1. 外連味の力
外連味(けれんみ)とは、虚飾や派手な見せ方、作為的な演出のことだ。
芸術の世界では、外連味は人を惹きつける力を持ちながら、同時に作品を堕落させる毒でもある。
名品たちはそれを超える「無垢なる核心」を宿していたからこそ、時を超えて美として残った。

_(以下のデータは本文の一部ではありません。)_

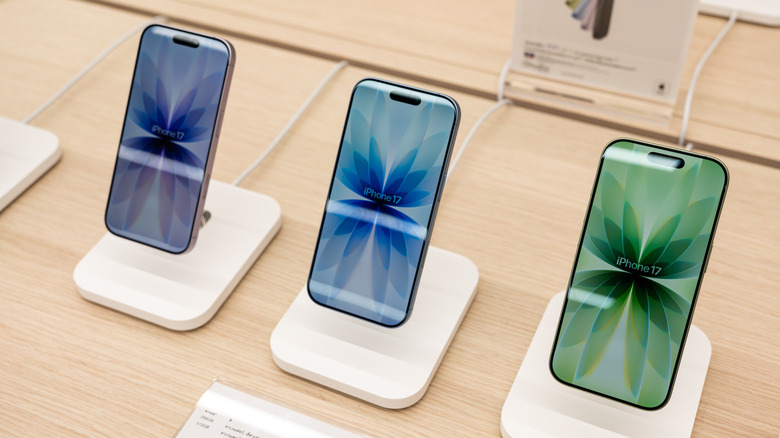 The standard iPhone 17 on display in a store.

しかし現代を見渡すと、この外連味こそが評価の中心にある。
それがSNSという空間だ。
2. SNSは外連味の見本市
SNSはまるで舞台のようだ。
観客は「フォロワー」であり、拍手は「いいね」であり、歓声は「拡散」である。
そこで評価されやすいのは、深さや真実ではない。
- 派手な映像
- 過激な言葉
- 加工された虚飾のイメージ
これらが一瞬で人を集め、拍手喝采を浴びる。
SNSは、外連味がもっとも力を持つ舞台なのである。
3. 虚飾と本物のあいだ
だが、ここで問いが生まれる。
外連味が支配する世界で、本物は埋もれてしまうのか?
答えは否だ。
芸術の歴史が示しているように、時代を超えて残るのはやはり「無垢に向き合ったもの」だ。
外連味は人を集めても、やがては流行りの泡のように消えていく。
それでも残るのは、虚飾の奥に透けて見える「真剣な心」だけだ。
4. 現代の縮図
SNSは現代の縮図だ。
外連味が評価され、虚偽が広まり、無垢なものが一見かき消される。
だが、その洪水を超えてなお残るものこそが「本物」なのである。
それは古美術の器に残る名品の息吹と同じだ。
作為を超え、ただ真剣に向き合った痕跡だけが、時間を超えて残る。
5. 結び
SNSは、外連味が支配する現代の舞台だ。
だが、私たちが見つめるべきは外連味そのものではない。
その奥に透けている「無垢なる核心」である。
美も同じだ。
本当に残るものは、虚飾を超えてなお人の心を打つ、無作為の真実なのだ。